Mary O’Donnell speaks to the coordinator of Children’s Adoration
Celebrating the birthday of Jesus this Christmas will have an extra special meaning for primary school children around the country who have been enjoying spending time with him in Eucharistic adoration in their local parishes.
There are currently around 7,000 children involved in adoration, with more and more schools throughout Ireland contacting the national coordinator of Children’s Adoration, Antoinette Moynihan about the programme, which is now in its third year.
From Co. Meath, the 44-year-old travels the country promoting ‘Children of the Eucharist’ and, during a visit to St Colmcille’s Primary School, in Claudy, Co. Derry, she spoke to The Irish Catholic about how she got involved in this apostolate.
Recalling her early faith formation while growing up in Kentstown, near Navan, where she lived with her parents and three brothers, Antoinette said that, like most Irish Catholic families, they “went to Mass every Sunday, believed in God and went to missions and novenas in surrounding parishes”.
This continued when she got married 22 years ago and later became a mother of two girls, as she and her husband, Peadar, were always aware of the importance of having God in their marriage and life.
The family experienced a deepening of their faith during a parish mission in 2006, which Antoinette said left them wanting “to know more about Jesus and how he could help us in this world we live in and, especially in Heaven”.
Conversion
Recalling that her mother had always prayed to Our Lady and so she did too, Antoinette felt that she didn’t know Jesus the way she knew Mary. Three years later, while on pilgrimage to Medjugorje, she experienced “a further conversion through the Sacred Heart of Jesus”.
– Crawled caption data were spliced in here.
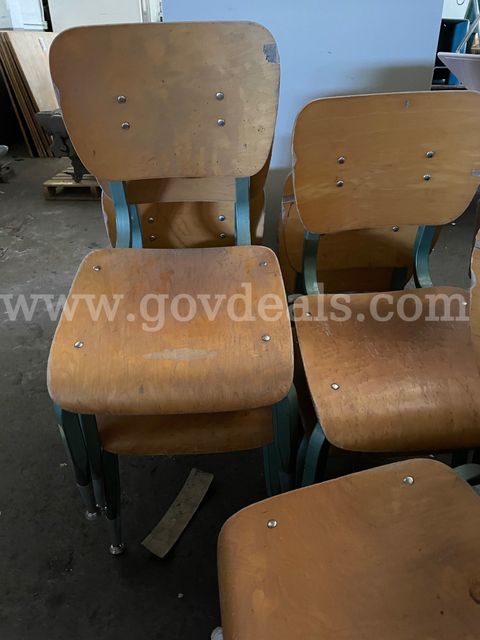Vintage Metal & Wood Student Chairs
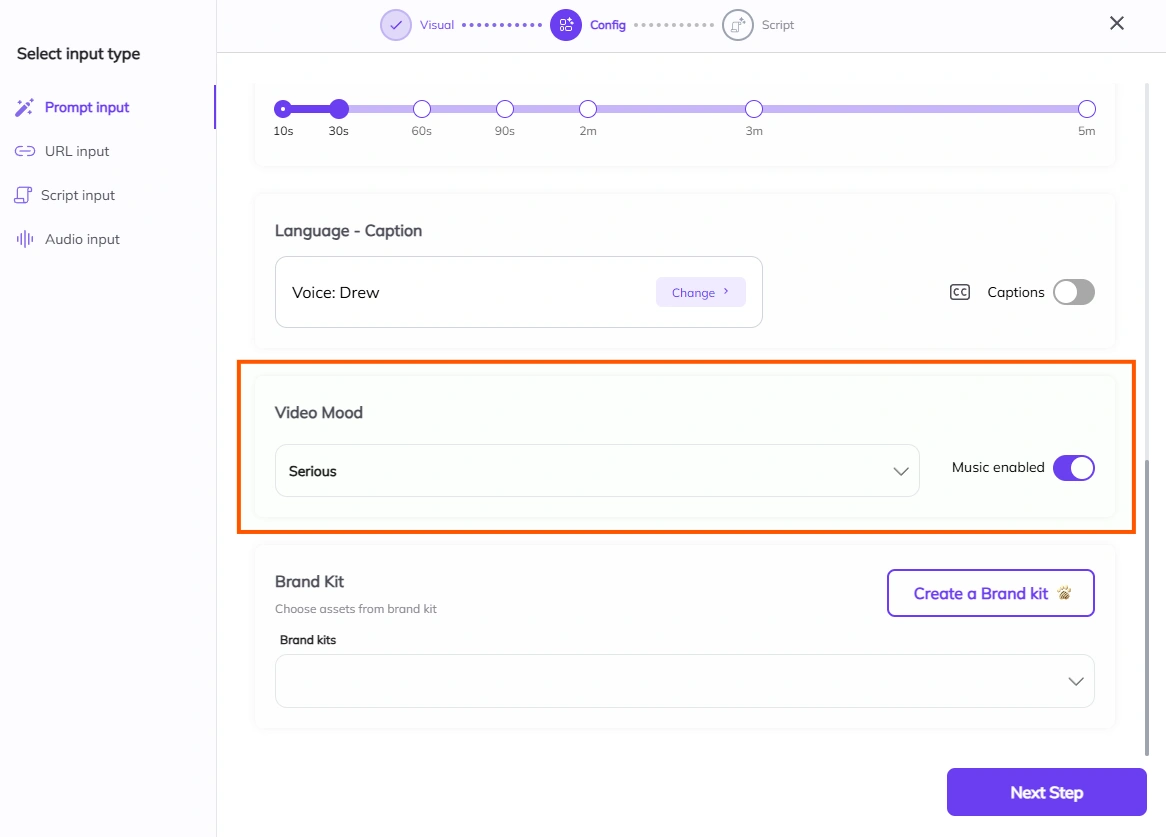 Zebracat's video prompt input interface.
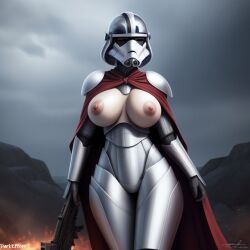 1girls ai_generated blaster blaster_rifle breasts captain_phasma cloak darkeffect female_only first_order lava silver_armor small_waist solo solo_female star_wars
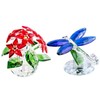 H&D HYALINE & DORA Handcrafed Crystal Cut Figurine Gifts,Crystal Poinsettia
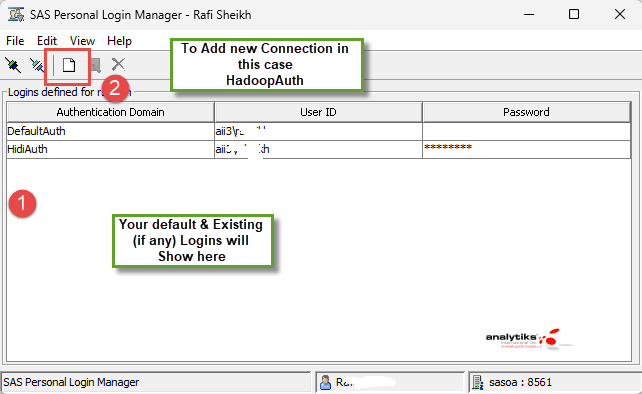 SAS Personal Login Manager interface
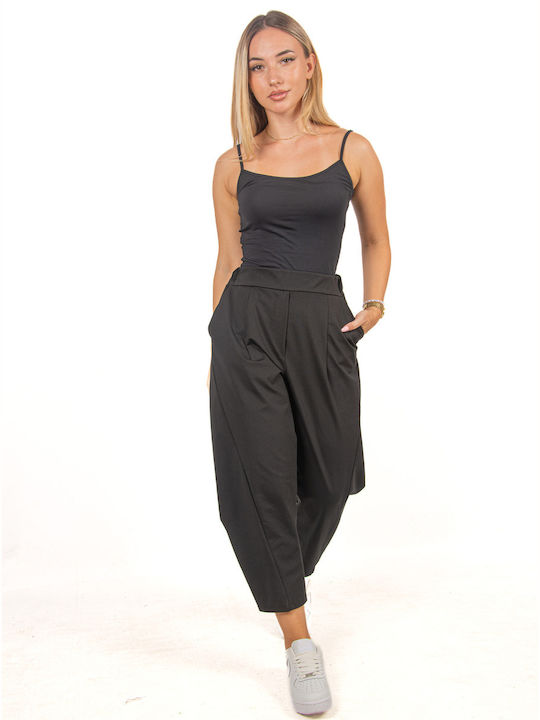 Ellen Damen Stoff Hose in Karotten Passform Black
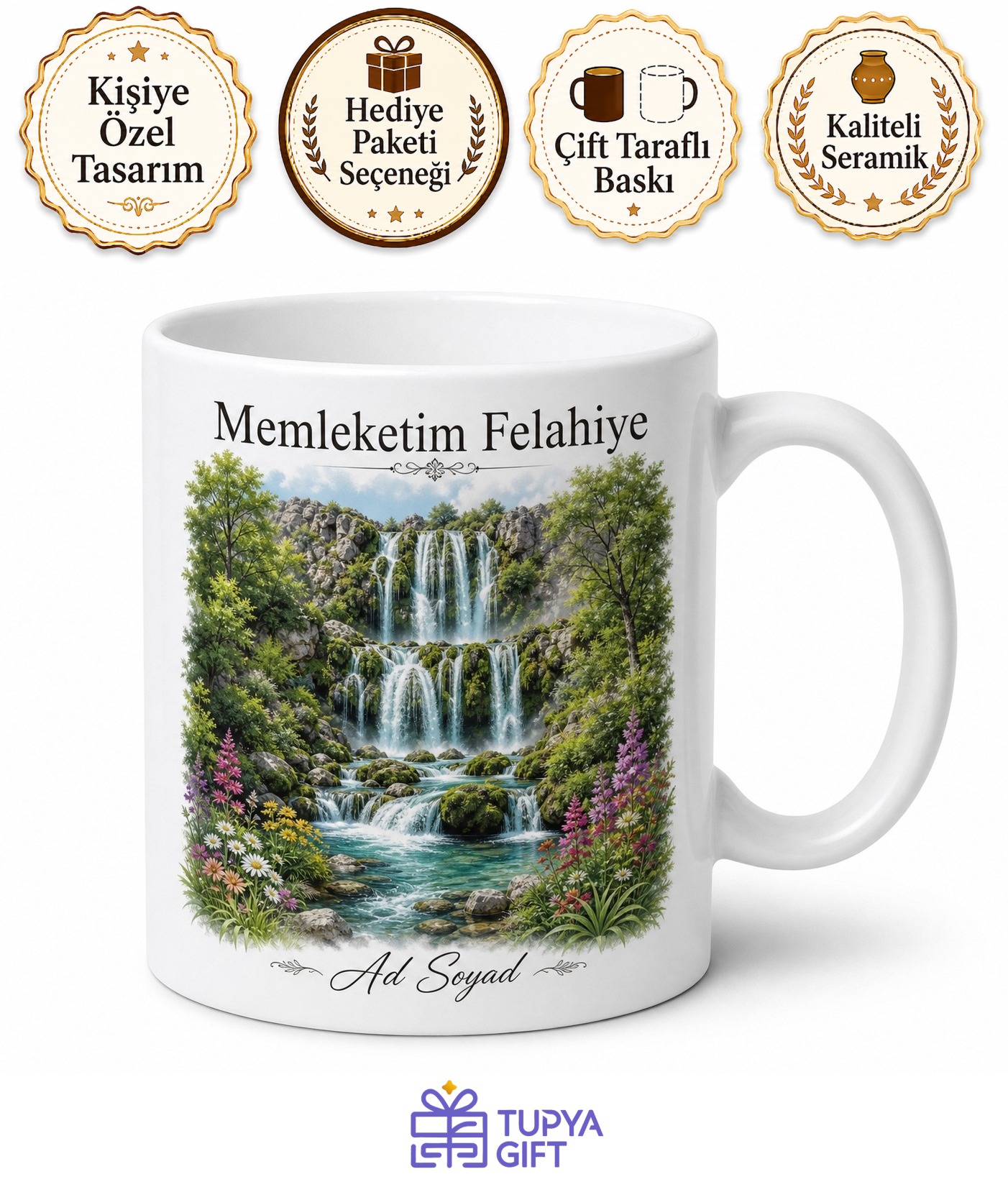 Kayseri Felahiye Sızır Şelalesi Doğa Memleket Özlemi Baskılı Porselen Kupa Hediye Bardak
Antoinette beamed as she described how Jesus “came straight in” when she opened the door of her heart to his heart, saying: “I simply told him that I didn’t know him as well as I knew his mother and, from this, he just showed me that he was around to help, not in a forceful way, but always gentle and loving. That is how Jesus is!”
As she grew more in her faith, Antoinette went to more prayer meetings, retreats and information days, and realised that this was “a treasure chest” she had never fully opened before.
“I was finding out so much more about my good friend Jesus and his plan for me here on Earth,” she said.
The family’s faith journey led to them getting involved in the 2012 International Eucharistic Congress (IEC) in Dublin, during which they helped coordinate a week of prayer and encouraged children to come closer to Jesus in the Blessed Sacrament.
They were working alongside a group of American priests, who told them about their work back home. By the end of an exhausting but fruitful week of working with around a thousand children during the IEC, Antoinette felt a strong desire to start a similar programme here in Ireland.
“I prayed about it over the summer and the Lord showed me, through prayer and Eucharistic adoration, what he wanted,” Antoinette said.
Then, in October 2012, ‘Children of the Eucharist’ began in Ireland, with Antoinette starting off with four schools in her area and then going on to visit many schools nationwide last year.
Having presented the Eucharistic adoration programme to around 7,000 children, Antoinette says it is “a wonderful privilege to bring these children to Jesus and explain to them the great love of God for us all, and the mission he has for each of us, if we just listen to him”.
She finds the children are very open to the programme and that people from the various localities are keen to get involved, along with the priest and school, to help the apostolate grow.
Antoinette has now trained teams of volunteers to act as ‘Children of the Eucharist’ leaders in Derry, Tyrone, Donegal, Down, Cork, Galway, Tipperary, Limerick, Dublin, Meath and Westmeath.
She said she is grateful for the support of all those involved, especially John Howard of the National Eucharistic Adoration team, her spiritual director, Fr Laurence Joseph, and the many other priests who have helped her along the way.
“Our ultimate mission is to bring our very young and not so young to the real presence of Jesus in the Eucharist, and let each one encounter him in a most beautiful way and know the love of God,” Antoinette said.
Word of the programme’s success has spread outside Ireland as well, following Antoinette’s attendance at the Adoratzio Conference in St Maxine le Baume, the Shrine of St Mary Magdalene, in the south of France, and she has since had requests to send programme packs to America, Australia and Holland.